Updated on: 03 March,2017 06:00 AM IST  | 
Suyash Karangutkar |

Sikandar Ali restores our faith in taxi drivers. The 80-year-old cabbie scoured the localities of Matunga for three days to return a passenger's bag despite ill health

80-yr-old Mumbai cabbie scours streets for 3 days to return passenger's bag

Sikandar Ali from Govandi spent three days looking for the passenger who had left his bag in his cab. Pic/ Datta KumbharSikandar Ali from Govandi spent three days looking for the passenger who had left his bag in his cab. Pic/ Datta Kumbhar


Sikandar Ali restores our faith in taxi drivers. The 80-year-old cabbie scoured the localities of Matunga for three days to return a passenger's bag despite ill health.


On the night of February 26, Ali was about to call it a day when a US-based doctor of Indian origin, Dr Anant Vora, hailed his taxi from King's Circle to head home to Matunga. While alighting, though, Dr Vora forgot his bag, which contained his passport, documents, a cellphone and a camera, in the cab.


Ali didn't realise that the bag had been left behind till another passenger pointed it out. Although he had taken only a few passengers that day, he still couldn't recall whom the bag belonged to. It was only after he reached home and took a look at the passport did he recognise Dr Vora. “There were many things in his bag. The gadgets looked expensive.”

The aged resident of Govandi, who suffers from a number of ailments, resolved to return the bag to the rightful owner, “come what may”.

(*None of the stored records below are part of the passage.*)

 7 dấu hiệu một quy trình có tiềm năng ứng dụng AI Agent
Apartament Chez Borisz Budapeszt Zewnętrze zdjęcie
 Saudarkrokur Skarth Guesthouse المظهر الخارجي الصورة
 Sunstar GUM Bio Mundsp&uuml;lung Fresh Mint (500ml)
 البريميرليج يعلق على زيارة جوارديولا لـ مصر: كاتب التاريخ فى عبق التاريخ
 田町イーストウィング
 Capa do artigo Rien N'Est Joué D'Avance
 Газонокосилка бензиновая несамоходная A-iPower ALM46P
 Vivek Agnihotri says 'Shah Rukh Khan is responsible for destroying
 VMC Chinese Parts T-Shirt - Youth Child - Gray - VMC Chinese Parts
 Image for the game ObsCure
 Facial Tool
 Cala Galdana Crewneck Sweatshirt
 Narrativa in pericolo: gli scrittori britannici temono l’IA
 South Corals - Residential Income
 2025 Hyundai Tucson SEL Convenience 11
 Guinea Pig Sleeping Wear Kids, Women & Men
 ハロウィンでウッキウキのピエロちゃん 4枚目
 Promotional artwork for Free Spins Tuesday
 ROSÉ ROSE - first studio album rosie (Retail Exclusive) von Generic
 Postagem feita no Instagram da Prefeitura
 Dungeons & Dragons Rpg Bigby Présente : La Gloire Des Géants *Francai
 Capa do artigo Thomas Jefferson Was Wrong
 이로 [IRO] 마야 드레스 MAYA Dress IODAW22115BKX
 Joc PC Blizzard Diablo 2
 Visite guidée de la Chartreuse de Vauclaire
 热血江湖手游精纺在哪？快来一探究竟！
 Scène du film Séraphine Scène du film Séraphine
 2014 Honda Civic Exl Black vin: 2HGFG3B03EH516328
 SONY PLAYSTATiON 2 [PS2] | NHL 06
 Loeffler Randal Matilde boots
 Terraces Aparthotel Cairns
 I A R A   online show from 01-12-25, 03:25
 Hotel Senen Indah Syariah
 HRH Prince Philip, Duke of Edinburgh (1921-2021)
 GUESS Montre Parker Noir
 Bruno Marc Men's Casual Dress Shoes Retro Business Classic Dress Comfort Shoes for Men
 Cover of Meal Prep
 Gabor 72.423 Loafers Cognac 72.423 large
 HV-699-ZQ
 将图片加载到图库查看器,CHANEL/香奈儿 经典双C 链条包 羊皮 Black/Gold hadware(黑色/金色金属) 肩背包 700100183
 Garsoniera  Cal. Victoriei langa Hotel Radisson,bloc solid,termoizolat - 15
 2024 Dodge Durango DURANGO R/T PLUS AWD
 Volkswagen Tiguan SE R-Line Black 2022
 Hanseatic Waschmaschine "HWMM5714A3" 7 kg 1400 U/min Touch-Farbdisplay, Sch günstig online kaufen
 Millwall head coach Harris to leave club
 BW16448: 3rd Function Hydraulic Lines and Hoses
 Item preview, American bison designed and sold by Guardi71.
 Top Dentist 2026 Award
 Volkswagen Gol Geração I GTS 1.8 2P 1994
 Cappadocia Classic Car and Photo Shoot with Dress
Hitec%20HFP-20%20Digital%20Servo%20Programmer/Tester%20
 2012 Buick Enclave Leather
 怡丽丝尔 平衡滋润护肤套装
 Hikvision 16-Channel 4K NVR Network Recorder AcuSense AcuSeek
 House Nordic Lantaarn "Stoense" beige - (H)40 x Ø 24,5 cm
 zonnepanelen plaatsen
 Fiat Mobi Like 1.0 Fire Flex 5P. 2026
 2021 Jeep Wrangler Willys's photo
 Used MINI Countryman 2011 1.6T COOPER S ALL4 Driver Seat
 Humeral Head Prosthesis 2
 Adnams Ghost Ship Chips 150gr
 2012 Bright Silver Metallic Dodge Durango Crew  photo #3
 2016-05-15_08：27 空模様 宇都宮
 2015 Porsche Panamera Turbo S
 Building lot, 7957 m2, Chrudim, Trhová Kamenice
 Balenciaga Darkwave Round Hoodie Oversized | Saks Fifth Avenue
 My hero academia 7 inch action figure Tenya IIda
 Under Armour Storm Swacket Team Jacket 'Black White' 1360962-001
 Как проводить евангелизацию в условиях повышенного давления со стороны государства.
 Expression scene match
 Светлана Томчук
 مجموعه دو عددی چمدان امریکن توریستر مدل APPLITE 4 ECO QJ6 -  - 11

Although the norm among taxi drivers in such cases is to deposit the lost property with their respective unions, Ali took it upon himself to return the bag to Dr Vora safely.

He remembered the area in which he had dropped Dr Vora, but locating his house proved to be an arduous task. For two days, he hit a wall.

In the meanwhile, a perturbed Dr Vora lodged a police complaint and approached the US Consulate. "More than anything else, I was worried about my passport," says Dr Vora.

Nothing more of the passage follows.